Return the lines below that contain the word "Avenue".

[Items from a dataset]
_ _ _
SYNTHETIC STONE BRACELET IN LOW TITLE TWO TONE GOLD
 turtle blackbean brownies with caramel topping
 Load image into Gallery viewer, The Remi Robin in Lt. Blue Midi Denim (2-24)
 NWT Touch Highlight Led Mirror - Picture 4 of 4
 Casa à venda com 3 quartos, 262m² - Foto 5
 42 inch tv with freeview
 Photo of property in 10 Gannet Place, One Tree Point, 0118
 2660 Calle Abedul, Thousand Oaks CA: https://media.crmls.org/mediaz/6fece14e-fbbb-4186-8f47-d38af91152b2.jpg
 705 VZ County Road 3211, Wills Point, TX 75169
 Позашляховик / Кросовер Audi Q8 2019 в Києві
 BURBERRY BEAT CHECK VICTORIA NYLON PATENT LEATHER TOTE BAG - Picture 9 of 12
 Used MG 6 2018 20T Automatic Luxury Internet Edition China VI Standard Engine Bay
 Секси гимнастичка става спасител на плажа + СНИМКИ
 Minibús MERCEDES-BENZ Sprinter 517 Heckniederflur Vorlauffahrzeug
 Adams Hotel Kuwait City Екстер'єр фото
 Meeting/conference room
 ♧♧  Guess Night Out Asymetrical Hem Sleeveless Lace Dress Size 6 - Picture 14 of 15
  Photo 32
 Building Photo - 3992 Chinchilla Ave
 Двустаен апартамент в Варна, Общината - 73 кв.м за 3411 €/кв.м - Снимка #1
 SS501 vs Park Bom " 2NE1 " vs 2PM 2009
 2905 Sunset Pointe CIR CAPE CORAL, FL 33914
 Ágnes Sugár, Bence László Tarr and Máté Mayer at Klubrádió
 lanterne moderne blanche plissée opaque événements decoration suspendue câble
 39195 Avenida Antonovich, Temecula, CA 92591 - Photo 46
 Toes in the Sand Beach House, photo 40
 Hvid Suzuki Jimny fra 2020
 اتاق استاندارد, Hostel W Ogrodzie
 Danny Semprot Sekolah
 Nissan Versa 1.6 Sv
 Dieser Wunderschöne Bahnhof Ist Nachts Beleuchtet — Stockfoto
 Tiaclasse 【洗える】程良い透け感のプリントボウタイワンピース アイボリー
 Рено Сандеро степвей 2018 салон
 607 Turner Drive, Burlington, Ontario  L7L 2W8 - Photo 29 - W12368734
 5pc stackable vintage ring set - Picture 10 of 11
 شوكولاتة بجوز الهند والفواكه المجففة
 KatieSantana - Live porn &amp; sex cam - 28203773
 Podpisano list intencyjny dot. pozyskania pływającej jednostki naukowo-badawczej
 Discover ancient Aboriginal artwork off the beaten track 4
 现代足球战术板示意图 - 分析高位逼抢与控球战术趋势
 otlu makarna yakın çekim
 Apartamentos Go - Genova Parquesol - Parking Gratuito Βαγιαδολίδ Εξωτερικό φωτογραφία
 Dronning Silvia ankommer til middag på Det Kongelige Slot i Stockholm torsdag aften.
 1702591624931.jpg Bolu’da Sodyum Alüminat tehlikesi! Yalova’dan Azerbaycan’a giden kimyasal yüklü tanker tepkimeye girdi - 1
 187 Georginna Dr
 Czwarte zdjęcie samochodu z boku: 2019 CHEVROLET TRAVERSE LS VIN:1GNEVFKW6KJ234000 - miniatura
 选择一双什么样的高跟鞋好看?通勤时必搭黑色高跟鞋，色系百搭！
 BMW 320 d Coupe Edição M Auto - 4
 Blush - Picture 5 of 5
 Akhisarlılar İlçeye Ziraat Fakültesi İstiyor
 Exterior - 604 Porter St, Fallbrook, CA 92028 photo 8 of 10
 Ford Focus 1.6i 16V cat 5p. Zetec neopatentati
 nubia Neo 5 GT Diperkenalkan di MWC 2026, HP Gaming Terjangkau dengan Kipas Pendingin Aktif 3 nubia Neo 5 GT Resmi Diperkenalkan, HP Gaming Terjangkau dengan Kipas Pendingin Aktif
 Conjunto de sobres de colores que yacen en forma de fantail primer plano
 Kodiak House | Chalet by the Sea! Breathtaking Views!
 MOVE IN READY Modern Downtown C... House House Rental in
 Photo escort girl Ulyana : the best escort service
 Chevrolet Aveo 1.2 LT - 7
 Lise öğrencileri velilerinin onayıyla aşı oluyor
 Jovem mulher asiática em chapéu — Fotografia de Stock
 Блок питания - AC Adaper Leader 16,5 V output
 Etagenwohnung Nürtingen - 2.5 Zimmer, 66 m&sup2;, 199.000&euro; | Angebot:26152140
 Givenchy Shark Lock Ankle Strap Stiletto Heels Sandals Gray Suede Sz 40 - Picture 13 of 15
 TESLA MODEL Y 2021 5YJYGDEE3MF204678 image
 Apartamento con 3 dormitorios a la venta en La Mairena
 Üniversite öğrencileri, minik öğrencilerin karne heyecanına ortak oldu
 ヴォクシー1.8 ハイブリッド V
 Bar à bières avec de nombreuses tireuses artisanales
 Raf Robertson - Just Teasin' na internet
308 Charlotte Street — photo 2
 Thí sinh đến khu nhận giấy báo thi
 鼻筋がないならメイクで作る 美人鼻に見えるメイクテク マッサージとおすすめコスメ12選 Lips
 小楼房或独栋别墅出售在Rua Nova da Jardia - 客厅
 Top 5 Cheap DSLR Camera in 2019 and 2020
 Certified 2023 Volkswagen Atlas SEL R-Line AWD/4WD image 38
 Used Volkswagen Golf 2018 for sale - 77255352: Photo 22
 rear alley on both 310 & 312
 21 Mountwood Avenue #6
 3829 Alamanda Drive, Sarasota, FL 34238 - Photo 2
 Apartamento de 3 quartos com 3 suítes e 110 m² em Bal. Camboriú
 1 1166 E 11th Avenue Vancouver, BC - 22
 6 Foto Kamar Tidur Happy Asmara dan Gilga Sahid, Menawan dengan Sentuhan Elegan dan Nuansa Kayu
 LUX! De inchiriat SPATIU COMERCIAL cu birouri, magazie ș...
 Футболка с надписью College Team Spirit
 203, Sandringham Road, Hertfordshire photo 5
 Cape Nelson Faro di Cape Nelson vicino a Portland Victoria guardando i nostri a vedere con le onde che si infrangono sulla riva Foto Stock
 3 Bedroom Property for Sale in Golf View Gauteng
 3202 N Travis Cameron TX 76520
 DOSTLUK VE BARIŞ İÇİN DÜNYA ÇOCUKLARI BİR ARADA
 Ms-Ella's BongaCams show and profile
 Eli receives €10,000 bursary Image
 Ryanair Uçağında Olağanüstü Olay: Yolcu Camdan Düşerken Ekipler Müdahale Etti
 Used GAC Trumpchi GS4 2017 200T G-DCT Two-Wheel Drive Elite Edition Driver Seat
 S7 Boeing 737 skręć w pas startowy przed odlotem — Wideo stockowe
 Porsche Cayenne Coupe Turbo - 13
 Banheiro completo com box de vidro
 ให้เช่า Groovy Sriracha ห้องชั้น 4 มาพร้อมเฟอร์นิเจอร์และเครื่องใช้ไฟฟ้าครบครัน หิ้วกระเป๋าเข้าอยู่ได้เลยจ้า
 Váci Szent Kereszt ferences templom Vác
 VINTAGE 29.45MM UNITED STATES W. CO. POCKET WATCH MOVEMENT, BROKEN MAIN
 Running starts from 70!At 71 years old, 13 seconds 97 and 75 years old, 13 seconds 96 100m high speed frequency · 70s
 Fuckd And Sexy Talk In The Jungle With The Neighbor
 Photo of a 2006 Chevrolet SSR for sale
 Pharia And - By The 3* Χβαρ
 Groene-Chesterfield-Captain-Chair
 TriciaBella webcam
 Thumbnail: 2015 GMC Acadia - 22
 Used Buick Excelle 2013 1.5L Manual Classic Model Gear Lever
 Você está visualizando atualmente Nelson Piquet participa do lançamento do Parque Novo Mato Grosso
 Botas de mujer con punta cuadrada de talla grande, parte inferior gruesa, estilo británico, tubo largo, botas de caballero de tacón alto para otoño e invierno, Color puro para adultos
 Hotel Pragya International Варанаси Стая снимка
_ _ _
## [ANSWER BELOW]
 21 Mountwood Avenue #6
 1 1166 E 11th Avenue Vancouver, BC - 22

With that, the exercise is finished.